(Records from a dataset)
☆ ☆ ☆ ☆

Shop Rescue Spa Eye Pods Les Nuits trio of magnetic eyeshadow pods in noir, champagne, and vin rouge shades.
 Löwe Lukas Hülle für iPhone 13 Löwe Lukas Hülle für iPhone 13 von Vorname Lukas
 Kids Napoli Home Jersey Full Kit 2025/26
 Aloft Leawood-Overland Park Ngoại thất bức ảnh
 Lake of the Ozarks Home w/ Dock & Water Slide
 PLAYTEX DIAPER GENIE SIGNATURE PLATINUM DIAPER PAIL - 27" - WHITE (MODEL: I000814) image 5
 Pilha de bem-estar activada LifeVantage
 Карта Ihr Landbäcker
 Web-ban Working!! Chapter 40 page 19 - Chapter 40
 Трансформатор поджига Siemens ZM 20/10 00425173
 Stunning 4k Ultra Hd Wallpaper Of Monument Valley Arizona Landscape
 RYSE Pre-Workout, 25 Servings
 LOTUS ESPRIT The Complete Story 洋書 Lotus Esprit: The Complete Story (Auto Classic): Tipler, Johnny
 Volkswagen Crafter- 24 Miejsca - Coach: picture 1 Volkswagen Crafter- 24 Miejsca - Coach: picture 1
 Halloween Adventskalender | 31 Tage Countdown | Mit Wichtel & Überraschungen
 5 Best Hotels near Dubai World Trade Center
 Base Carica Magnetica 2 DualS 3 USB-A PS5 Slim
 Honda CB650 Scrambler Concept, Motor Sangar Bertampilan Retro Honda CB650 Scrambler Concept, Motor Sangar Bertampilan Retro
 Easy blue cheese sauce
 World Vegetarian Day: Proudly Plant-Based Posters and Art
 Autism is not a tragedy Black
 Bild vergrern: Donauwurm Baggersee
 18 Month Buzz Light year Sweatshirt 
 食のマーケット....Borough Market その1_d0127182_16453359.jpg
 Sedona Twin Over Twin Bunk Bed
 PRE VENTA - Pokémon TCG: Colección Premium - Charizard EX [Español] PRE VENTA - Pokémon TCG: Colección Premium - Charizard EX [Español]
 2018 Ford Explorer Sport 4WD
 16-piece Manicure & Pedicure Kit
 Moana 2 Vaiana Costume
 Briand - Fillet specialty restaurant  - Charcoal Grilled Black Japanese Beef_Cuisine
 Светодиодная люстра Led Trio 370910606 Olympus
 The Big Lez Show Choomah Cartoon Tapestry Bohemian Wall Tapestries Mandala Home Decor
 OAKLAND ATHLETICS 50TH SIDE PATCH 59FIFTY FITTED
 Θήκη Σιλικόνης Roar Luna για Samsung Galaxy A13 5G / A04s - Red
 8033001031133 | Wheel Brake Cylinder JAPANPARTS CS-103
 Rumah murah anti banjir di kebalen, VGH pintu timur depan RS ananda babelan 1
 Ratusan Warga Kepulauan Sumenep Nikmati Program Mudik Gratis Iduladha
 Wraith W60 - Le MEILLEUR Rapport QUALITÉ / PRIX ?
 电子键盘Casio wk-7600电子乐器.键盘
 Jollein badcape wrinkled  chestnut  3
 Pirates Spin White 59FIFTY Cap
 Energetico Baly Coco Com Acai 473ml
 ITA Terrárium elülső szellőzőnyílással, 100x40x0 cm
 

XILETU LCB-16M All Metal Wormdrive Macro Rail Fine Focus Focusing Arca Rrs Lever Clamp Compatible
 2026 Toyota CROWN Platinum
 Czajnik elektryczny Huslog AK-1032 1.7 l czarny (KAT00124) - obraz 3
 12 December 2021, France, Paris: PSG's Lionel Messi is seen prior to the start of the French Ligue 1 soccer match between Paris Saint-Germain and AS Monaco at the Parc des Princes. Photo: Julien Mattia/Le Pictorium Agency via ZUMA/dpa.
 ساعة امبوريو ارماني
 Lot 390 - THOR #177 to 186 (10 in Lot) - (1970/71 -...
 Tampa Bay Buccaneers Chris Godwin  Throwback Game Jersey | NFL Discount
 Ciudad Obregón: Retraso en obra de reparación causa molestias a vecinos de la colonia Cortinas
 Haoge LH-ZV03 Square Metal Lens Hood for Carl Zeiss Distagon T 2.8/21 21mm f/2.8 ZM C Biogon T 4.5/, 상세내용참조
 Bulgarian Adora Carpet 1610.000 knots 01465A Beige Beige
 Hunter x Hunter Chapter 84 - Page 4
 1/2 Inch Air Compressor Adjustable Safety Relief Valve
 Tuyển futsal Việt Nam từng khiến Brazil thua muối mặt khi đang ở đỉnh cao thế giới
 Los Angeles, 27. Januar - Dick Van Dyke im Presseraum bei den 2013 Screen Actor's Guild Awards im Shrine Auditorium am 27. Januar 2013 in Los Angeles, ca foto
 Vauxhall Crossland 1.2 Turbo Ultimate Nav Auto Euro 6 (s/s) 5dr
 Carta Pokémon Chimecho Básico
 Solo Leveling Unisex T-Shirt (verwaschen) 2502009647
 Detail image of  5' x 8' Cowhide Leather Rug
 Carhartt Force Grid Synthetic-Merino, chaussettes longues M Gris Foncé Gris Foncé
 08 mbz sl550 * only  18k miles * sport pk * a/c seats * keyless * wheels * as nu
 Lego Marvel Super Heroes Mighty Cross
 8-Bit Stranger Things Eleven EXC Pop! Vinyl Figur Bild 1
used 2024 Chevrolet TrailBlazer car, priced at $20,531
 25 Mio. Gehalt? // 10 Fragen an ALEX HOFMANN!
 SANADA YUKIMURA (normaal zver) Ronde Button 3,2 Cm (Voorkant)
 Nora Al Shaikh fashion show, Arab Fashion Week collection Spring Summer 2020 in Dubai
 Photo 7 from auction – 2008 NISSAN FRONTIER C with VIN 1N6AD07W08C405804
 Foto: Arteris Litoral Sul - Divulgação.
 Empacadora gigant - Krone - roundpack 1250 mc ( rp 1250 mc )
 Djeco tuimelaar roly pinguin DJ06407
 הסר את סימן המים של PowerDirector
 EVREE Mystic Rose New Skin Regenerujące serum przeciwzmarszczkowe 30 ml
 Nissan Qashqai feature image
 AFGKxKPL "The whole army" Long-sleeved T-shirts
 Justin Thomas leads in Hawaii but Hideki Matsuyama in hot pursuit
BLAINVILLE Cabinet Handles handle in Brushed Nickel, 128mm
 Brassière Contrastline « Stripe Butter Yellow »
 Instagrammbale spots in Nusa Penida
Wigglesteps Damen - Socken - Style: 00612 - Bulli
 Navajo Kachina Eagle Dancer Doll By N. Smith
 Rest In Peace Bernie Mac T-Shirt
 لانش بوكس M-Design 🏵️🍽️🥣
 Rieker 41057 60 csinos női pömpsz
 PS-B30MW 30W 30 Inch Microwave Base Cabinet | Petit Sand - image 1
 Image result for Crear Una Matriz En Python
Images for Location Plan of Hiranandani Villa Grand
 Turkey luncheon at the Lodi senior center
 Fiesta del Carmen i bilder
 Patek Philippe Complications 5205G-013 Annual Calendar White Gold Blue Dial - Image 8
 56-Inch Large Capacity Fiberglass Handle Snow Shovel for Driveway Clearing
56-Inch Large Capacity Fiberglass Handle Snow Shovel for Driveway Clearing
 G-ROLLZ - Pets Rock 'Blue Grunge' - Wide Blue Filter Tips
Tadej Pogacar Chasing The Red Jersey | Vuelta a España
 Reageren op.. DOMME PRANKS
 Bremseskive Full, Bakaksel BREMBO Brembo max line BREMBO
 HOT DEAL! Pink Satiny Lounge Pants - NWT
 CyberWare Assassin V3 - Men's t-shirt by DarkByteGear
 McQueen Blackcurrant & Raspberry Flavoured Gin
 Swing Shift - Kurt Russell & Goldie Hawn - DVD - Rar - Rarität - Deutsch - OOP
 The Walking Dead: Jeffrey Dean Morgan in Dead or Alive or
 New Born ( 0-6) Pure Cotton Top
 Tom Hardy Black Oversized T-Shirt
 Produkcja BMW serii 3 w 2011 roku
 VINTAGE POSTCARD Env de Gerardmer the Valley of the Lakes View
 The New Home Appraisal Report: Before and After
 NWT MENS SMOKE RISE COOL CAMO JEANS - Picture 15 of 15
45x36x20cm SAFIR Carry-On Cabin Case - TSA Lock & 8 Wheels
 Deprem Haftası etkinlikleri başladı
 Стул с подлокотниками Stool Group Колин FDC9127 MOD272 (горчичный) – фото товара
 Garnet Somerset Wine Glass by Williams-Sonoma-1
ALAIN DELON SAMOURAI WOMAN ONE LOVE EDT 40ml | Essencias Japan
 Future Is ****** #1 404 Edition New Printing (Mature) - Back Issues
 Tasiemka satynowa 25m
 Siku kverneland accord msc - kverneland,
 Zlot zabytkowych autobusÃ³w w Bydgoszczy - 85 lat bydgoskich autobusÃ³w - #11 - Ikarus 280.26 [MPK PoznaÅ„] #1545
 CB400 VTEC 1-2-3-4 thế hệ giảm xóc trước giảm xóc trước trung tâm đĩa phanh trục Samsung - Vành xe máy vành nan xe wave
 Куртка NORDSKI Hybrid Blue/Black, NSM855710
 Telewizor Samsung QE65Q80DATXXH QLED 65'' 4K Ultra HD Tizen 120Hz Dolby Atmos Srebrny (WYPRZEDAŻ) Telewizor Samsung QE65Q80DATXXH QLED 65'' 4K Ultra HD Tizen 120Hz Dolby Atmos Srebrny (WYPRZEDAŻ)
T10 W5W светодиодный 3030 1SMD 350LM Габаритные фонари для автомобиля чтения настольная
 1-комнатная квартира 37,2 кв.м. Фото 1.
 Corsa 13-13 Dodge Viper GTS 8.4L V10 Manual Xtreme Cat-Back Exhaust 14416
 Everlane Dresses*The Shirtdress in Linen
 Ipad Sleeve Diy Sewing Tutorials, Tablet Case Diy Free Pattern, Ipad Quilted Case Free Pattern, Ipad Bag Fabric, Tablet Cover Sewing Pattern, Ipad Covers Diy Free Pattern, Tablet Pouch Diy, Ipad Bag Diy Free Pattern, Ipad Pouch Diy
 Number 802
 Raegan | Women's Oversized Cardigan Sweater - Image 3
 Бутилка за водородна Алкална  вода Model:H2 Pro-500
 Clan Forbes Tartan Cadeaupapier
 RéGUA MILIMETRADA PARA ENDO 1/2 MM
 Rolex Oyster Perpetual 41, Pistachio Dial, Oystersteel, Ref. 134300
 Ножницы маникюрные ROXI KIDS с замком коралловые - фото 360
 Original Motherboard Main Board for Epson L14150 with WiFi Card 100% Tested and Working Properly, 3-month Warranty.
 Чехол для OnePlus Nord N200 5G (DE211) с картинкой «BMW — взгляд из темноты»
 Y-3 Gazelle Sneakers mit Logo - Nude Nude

☆ ☆ ☆ ☆

TASK STATEMENT — Output the records above exactly, from their first line through the line that contains "Volkswagen Crafter- 24 Miejsca - Coach: picture 1 Volkswagen", and add nothing.

OUTPUT FOR THIS EXERCISE —
Shop Rescue Spa Eye Pods Les Nuits trio of magnetic eyeshadow pods in noir, champagne, and vin rouge shades.
 Löwe Lukas Hülle für iPhone 13 Löwe Lukas Hülle für iPhone 13 von Vorname Lukas
 Kids Napoli Home Jersey Full Kit 2025/26
 Aloft Leawood-Overland Park Ngoại thất bức ảnh
 Lake of the Ozarks Home w/ Dock & Water Slide
 PLAYTEX DIAPER GENIE SIGNATURE PLATINUM DIAPER PAIL - 27" - WHITE (MODEL: I000814) image 5
 Pilha de bem-estar activada LifeVantage
 Карта Ihr Landbäcker
 Web-ban Working!! Chapter 40 page 19 - Chapter 40
 Трансформатор поджига Siemens ZM 20/10 00425173
 Stunning 4k Ultra Hd Wallpaper Of Monument Valley Arizona Landscape
 RYSE Pre-Workout, 25 Servings
 LOTUS ESPRIT The Complete Story 洋書 Lotus Esprit: The Complete Story (Auto Classic): Tipler, Johnny
 Volkswagen Crafter- 24 Miejsca - Coach: picture 1 Volkswagen Crafter- 24 Miejsca - Coach: picture 1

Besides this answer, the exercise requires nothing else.